When I click on a Group or a Device in USM and then select the Monitoring Tab how come I can't see my profile template?

  1. Have you installed the mon_config_service_templates package?

    1. To check connect to your database and execute the sql statement

      select from ssrv2template
  2. For the profile template in question is the <packagetemplates> element defined?
    1. To check connect to your database and execute the sql statement

      select from ssrv2packagetemplate
      where template = (select templateId from SSRV2Template where templateName = '<your template name>' and production = 1
      1. If the result of the above query DOES NOT return a single record 

        1. Add the following to your template definition.

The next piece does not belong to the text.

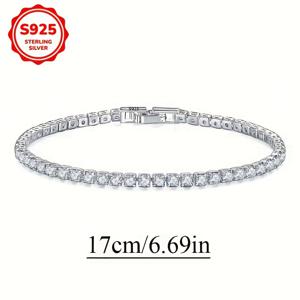 TEMU 1pc 여성 패션 팔찌 925 스테링 실버 6.34-6.44g 우아한 클래식 반짝이는 3mm 테니스 팔찌, 깨진 원형 합성 자이콘 인레이 하이포알러겐, 데이 어머니의 날 생일 휴일 기념일 선물에 적합합니다.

          <packagetemplates>
             <packageName>Server</packageName>
             <!-- If your probe monitors remote systems then set the nimbus_type value to 0 -->
             <nimbus_type>1</nimbus_type>
             <!-- Does your probe work on multiple operating systems then don't specify os_type -->
             <os_type>Windows</os_type>
             <defaultTemplate>false</defaultTemplate>
           </packagetemplates>
        2. Be sure to the root template and all child template <version> elements to ensure the template will be imported.
      2. If the result of the above query returns a single record
        1. Is the value of the os_type field set and does it match either the os_type of the Device you have selected or the os_type of the Device selected as the Device Type for the selected Group?
          1. To check the Device connect to your database and execute the sql statement

            select from ssrv2packagetemplate
            where template = (select templateId from SSRV2Template where templateName = '<your template name>' and production = 1) and
                  os_type = (select os_type from cm_computer_system where caption = '<name as seen in usm>' or name '<name as seen in usm>' or ip = '<devices ip address>')
          2. To check the Group connect to your database and execute the sql statement

            select from ssrv2packagetemplate
            where template = (select templateId from SSRV2Template where templateName = '<your template name>' and production = 1) and
                  os_type = (select os_type from cm_computer_system where cs_id = (select model_device from SSRV2DeviceGroup where name '<selected group name>'))
        2. Is the value of the nimbus_type field set and is it greater than or equal to the nimbus_type of the Device you have selected or the nimbus_type of the Device selected as the Device Type for the selected Group?
          1. To check the Device connect to your database and execute the sql statment

            select from ssrv2packagetemplate
            where template = (select templateId from SSRV2Template where templateName = '<your template name>' and production = 1) and
                  nimbus_type >= (select nimbus_type from cm_computer_system where caption = '<name as seen in usm>' or name '<name as seen in usm>' or ip = '<device's ip address>')
          2. To check the Group connect to your database and execute the sql statement

            select from ssrv2packagetemplate
            where template = (select templateId from SSRV2Template where templateName = '<your template name>' and production = 1) and
                  nimbus_type >= (select nimbus_type from cm_computer_system where cs_id = (select model_device from SSRV2DeviceGroup where name '<selected group name>'))
        3. Has the Device you have selected or the Device selected as the Device type for the selected Group been assigned the value of the <packageName> element for the profile template in question?
          1. To check the Device connect to your database and execute the sql statment

            select from ssrv2packagetemplate pt
            left join SSRV2Template t on t.templateId = pt.template
            left join SSRV2DevicePackage dp on dp.package = pt.package
            left join CM_COMPUTER_SYSTEM cs on cs.cs_id = dp.cs_id
            where t.templateName = '<your template name>' and  t.production = 1 and (cs.caption = '<name as seen in usm>' or cs.name '<name as seen in usm>' or cs.ip = '<device's ip address>')
          2. To check the Group connect to your database and execute the sql statement

            select from ssrv2packagetemplate pt
            left join SSRV2Template t on t.templateId = pt.template
            left join SSRV2DevicePackage dp on dp.package = pt.package
            left join CM_COMPUTER_SYSTEM cs on cs.cs_id = dp.cs_id
            left join SSRV2DeviceGroup dg on dg.model_device = cs.cs_id
            where t.templateName = '<your template name>' and  t.production = 1 and dg.name '<selected group name>'

Profile Deployment

Why did my new or updated Device Profile end up in an error state?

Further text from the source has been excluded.